If such decisions carried the weight and authority claimed for them, it would be necessary to recognize that a situation exists whereby the will of the people of the State of New Jersey, as expressed through its legislature, may be set aside solely by the decision of a trial judge.
But that is not the fact. The effect and validity of the statute will ultimately be determined by the Court of Errors and Appeals of New Jersey. The decisions of the Court of Chancery do not settle the law of the State. Dorman v. West Jersey Title Guaranty Co., 92 N.J.L. 487, 489; Flagg v. Johansen, 124 N.J.L. 456; McGoldrick v. Grebenstein, 108 N.J.L. 335; Stabel v. Gertel, 11 N.J. Misc. 247, affirmed, 111 N.J.L. 296; Kicey v. Kicey, 112 N.J. Eq. 459; Gregory v. Gregory, 67 N.J. Eq. 7. Cf. Ramsey v. Hutchinson, 117 N.J.L. 222.
Until the effect of the statute is finally determined by New Jersey's court of last resort, or at least by an authoritative appellate court of that State, the federal courts are free to determine whether or not the decisions of the Court of Chancery truly express the local law.
No advantage exists to the litigants because the federal jurisdiction has been invoked, nor should any disadvantage result, and if in an identical action in the state courts those courts are free to disagree with the decisions of the Court of Chancery, the federal courts likewise are free, and are charged with the duty of determining and applying the applicable local law.
Erie Railroad Co. v. Tompkins, 304 U.S. 64, and Ruhlin v. New York Life Insurance Co., 304 U.S. 202, left untouched the well established rule, reiterated by this Court in Minnesota ex rel. Pearson v. Probate Court of Ramsey County, 309 U.S. 270, that the federal courts are bound by the decisions of the highest court of the State in matters depending upon the construction of state statutes or constitution.
In Blair v. Commissioner of Internal Revenue, 300 U.S. 5, this Court found that the decision of the state appellate court was res judicata.

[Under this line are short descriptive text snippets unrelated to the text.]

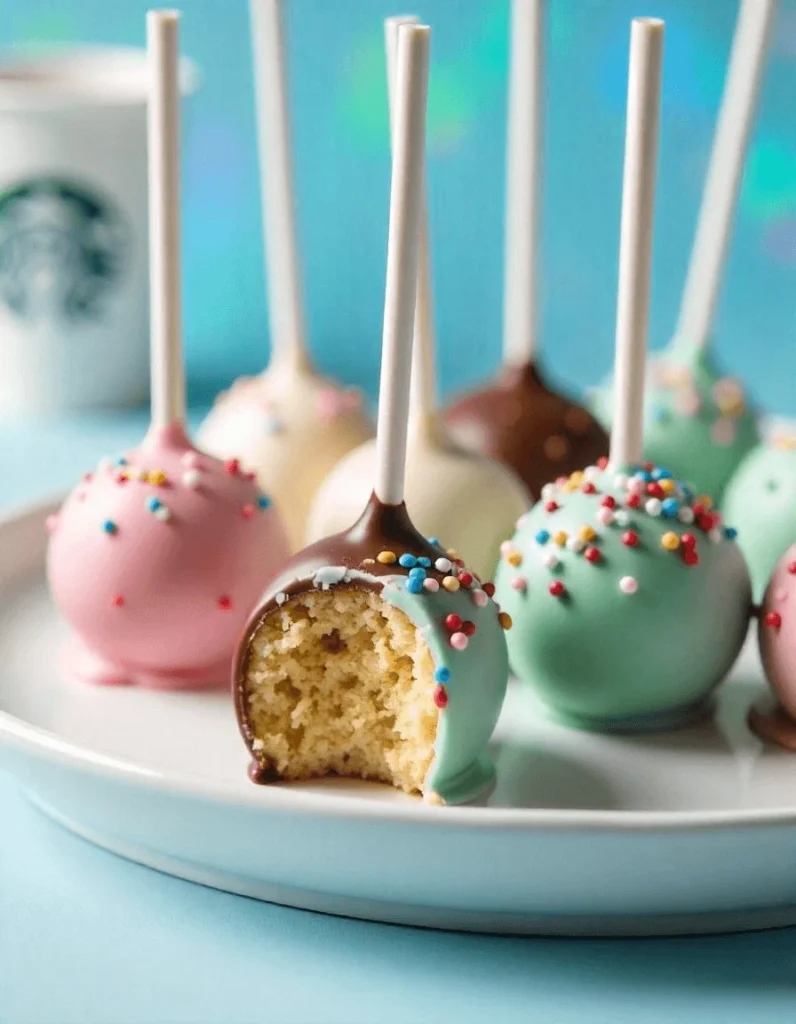 Starbucks-inspired cake pops with colorful coatings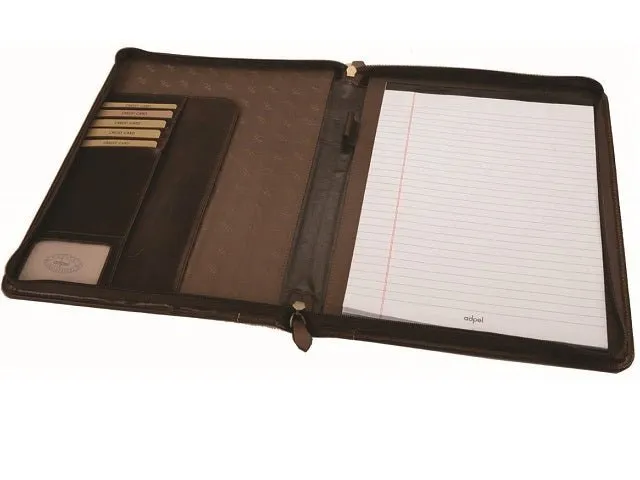 Adpel A4 Dakota Leather Zip Around Folder | Brown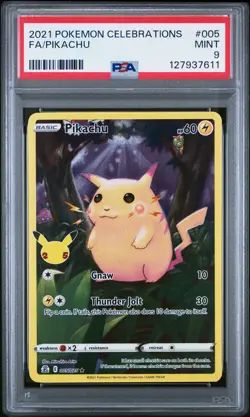 2021 POKEMON CELEBRATIONS #005 FULL ART/PIKACHU PSA 9 - Image 1
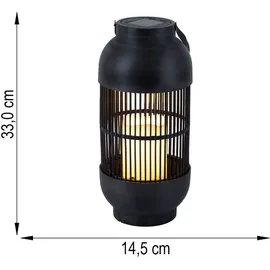 Expo Börse Laterne Kunststoff H 33 cm 2er Set schwarz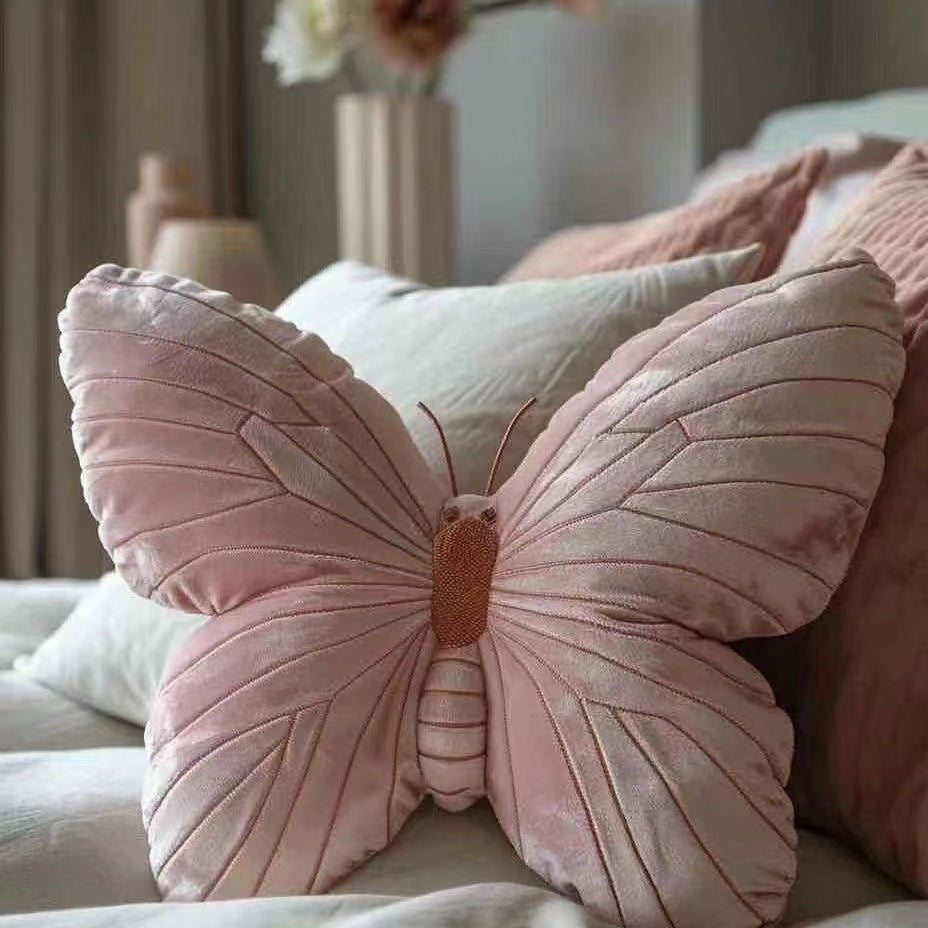 HKM-468563 Soft Pink Butterfly and Moth Pillow 30cm Cushion for Youth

In Russell v. Todd, 309 U.S. 280, this Court followed the decision of the Appellate Division, an intermediate appellate court, not because it felt bound by that decision in the absence of a ruling upon the precise question by the court of last resort, but because the reasoning of the decision was persuasive.
The Circuit Court of Appeals correctly stated the rule: The federal courts should in all instances follow the law of the State with respect to the construction of state statutes. Where that law has been determined by the courts of last resort their decisions are stare decisis, and must be followed irrespective of the federal courts' opinion as to what the law ought to be. As to pronouncements of other state courts, however, the federal courts are not so bound, but may conclude that the decision does not truly express the state law.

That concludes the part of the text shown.